Thank you! I think I am going to wait a little longer for my hair to grow out, but thanks so much for the info! I was thinking of a body wave too.


----------



## yodagirl (Jul 13, 2009)

Please, PLEASE make sure that if you do decide to get a perm, that your not the first person to get one from your hair stylist LOL...My hair looked insane when she got done (and of course she waited until AFTER she was done to tell me I was the first perm she'd ever done)


----------



## clslvr6spd (Jul 13, 2009)

Quote:

   Originally Posted by *yodagirl* 

 
_Please, PLEASE make sure that if you do decide to get a perm, that your not the first person to get one from your hair stylist LOL...My hair looked insane when she got done (and of course she waited until AFTER she was done to tell me I was the first perm she'd ever done) 
	

	
	
		
		

		
		
	


	


_

 
I do have to agree and disagree! Perming is not that hard, really! 
All our perming kits have directions on the back. It depends on what type of perm that you have to know, so the 1st time you try and figure what perm works best for your clients hair!
I did my 1st perm when I started and I was SUPER nervous. But, it turned out fine. But, I did tell my client it was my 1st! 
	

	
	
		
		

		
		
	


	




But, I would consult you stylist! See what type would work best for you. I wouldn't go with small rods, obviously smaller the rod the tighter the curl.


----------



## xsnowwhite (Jul 13, 2009)

what about a permanant wave? that would be less of the tight ringlets and more looser waves.


----------



## cyan (Jul 14, 2009)

"Anyway, I need some information and I've scoured google but there doesn't seem to be much out there. If anyone has gotten a perm in the past can you please fill me in? I am Asian so my hair might curl differently....but I want to get this done right to avoid disaster."

Heyhey again 
	

	
	
		
		

		
		
	


	




I've gotten a few perms and so has my mom, but I don't know what kind of hair you have. My hair is thinner, so any perm I get dies out within a month or so and ends up looking like those pictures even though I get 2nd smallest curler. However, my mother's hair is THICK and will hold onto that perm for dear life.
You might want to just try doing a paper back curling method until you know if you really want a perm or not.


----------



## Willa (Jul 16, 2009)

First things first : check if you are allergic!

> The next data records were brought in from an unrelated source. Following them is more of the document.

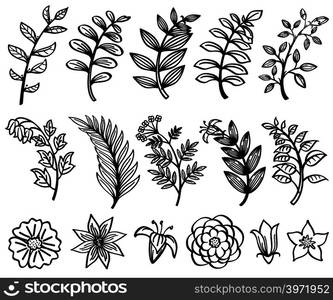 Sketch hand drawn branch and leaves vector decorative floral nature element. Branch sketch black and floral flower illustration. Sketch hand drawn branch and leaves vector decorative floral nature elements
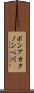 ボンアカタノンペ川 Scroll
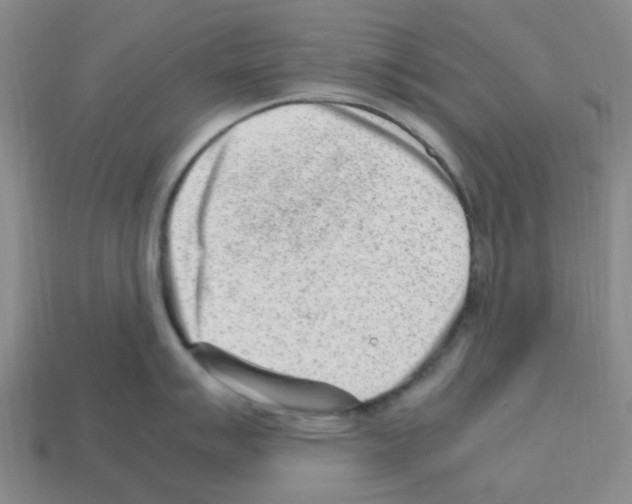 X0000112811007200910021137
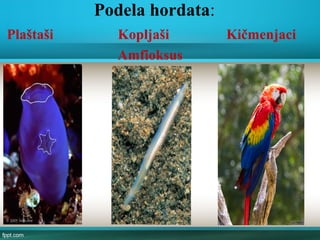 Podela hordata:
Plaštaši Kopljaši Kičmenjaci
Amfioksus
 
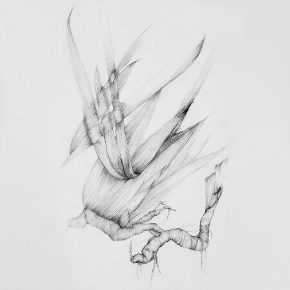 thème des racines dessiné par Laurence Gossart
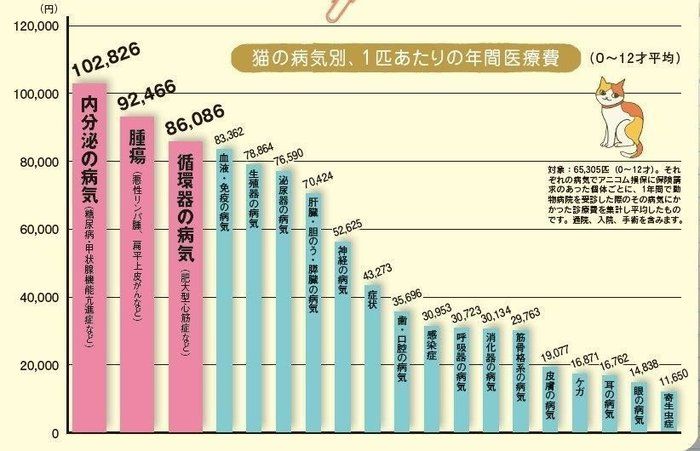 画像/『ねこのきもち』2017年6月号「イマドキ猫の健康事情」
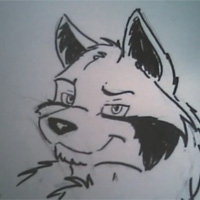 Wolf Headshot - Semi-Profile
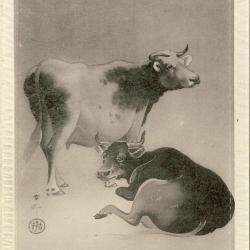 CPA Carte Postale illustrée Signe chinois Année du BUFFLE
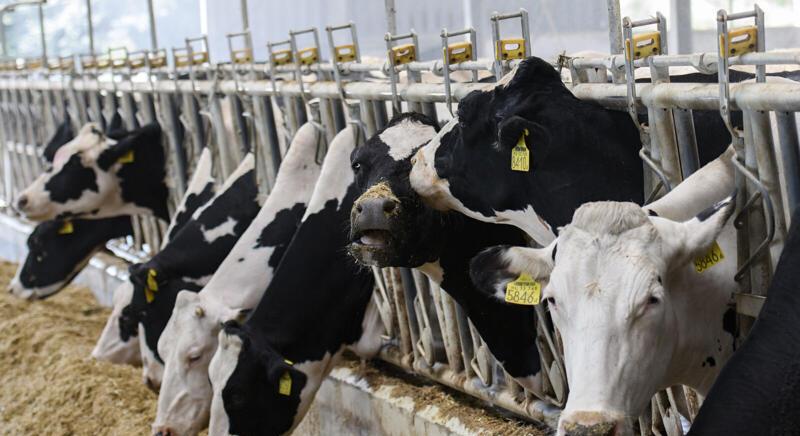 Gümőkórt mutattak ki két Somogy vármegyei szarvasmarha-állományban
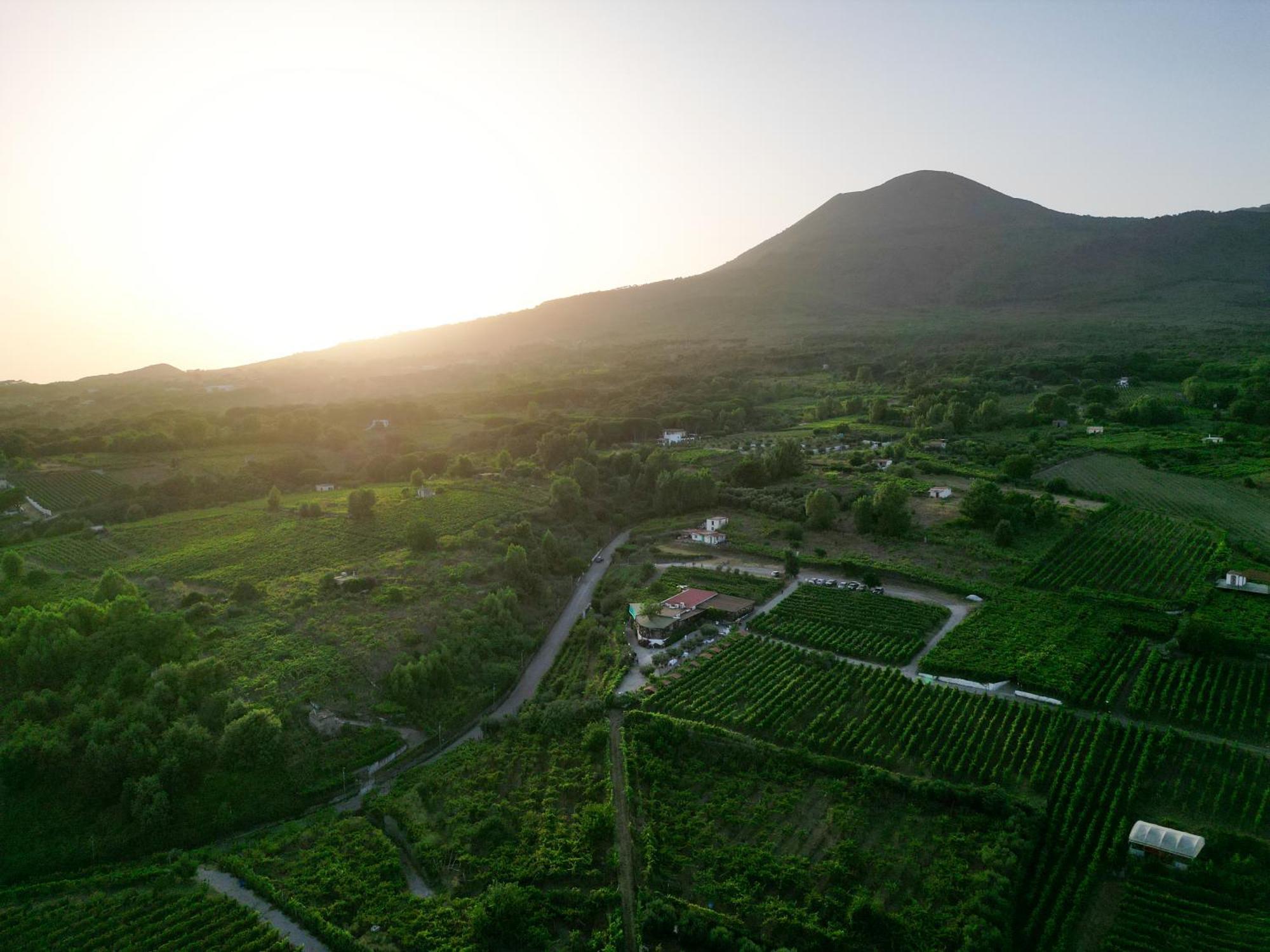 Vesuvio Inn Bed & Wine Experience Boscotrecase Екстериор снимка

I had two perms when I was younger, no problems
But in the last years, 2 colorists removed stains from my face with perm stuff and I reacted BADLY, ended up in the ER the second time (long story short : she didnt listen to me when I told her I was allergic and she used it anyway).


----------



## ruthless (Jul 19, 2009)

You'd be better off diffusing and scrunching. Say no to perms


----------